# Malaysian Driftwood for 55



## brynnhilde (May 13, 2006)

I have been looking for a piece of Malaysian Driftwood for my 55 and can't find the right piece. Aquarium Adventure has not turned up anything and I am looking for other options whether internet or around Columbus. Thanks for any info you guys can provide.


----------



## redstrat (Apr 3, 2006)

ever considered E-bay? Another choice, if your not completely stuck on malaysian driftwood would be manzanita.com for some manzanita, you could get a pretty good ammount of varying peices, sizes, shapes somewhat taylored to your requests for roughly the same price as a peice from Aquarium Adventure, they really get ya on hardscape and decorations there. 
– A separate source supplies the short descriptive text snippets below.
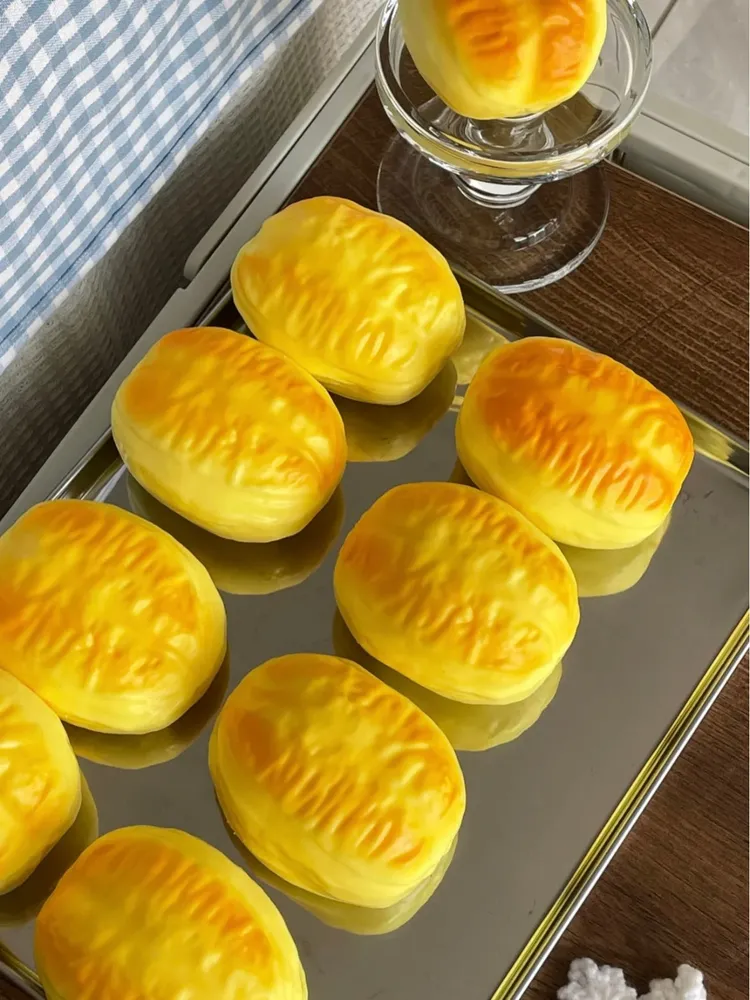 Bread Stress Ball Squishy Stress Relief Decompression Toy — photo 2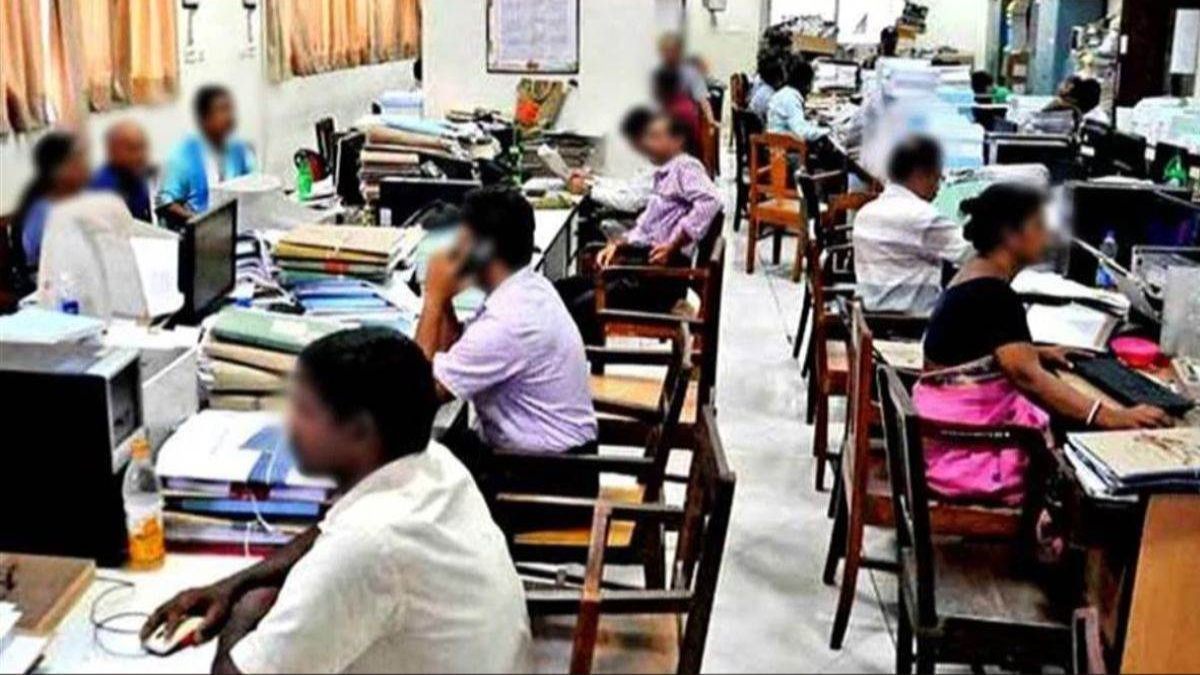 MP में पदोन्नति नीति पर विवाद: अधीनस्थों को प्रमोशन मिलने के बाद बेचारे होंगे जाएंगे ‘प्रभारी’, कर्मचारी संगठनों में आक्रोश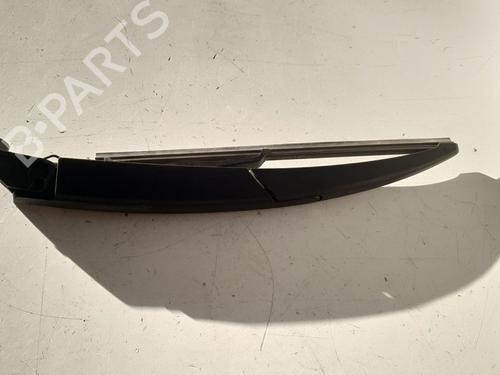 Used Rear windshield wiper arm RENAULT CAPTUR II (HF_) [2020-2025]  24805920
I can't tell you how many times i've looked through their bins of wood only to be turned away by the price and lack of peices that suit my taste, but I still look every time, who knows why. 

I Hope that helps a little


----------



## t2000kw (Jul 29, 2006)

If you can find something that you like as far as the looks of it goes, this might be of some help in making your own safe for the tank:

Driftwood Do's & Don'ts @ petfish.net

But if you're stuck on that particular type of woo, do a Google search and you'll find lots of it. You'll have to decide it it's worth it after shipping costs.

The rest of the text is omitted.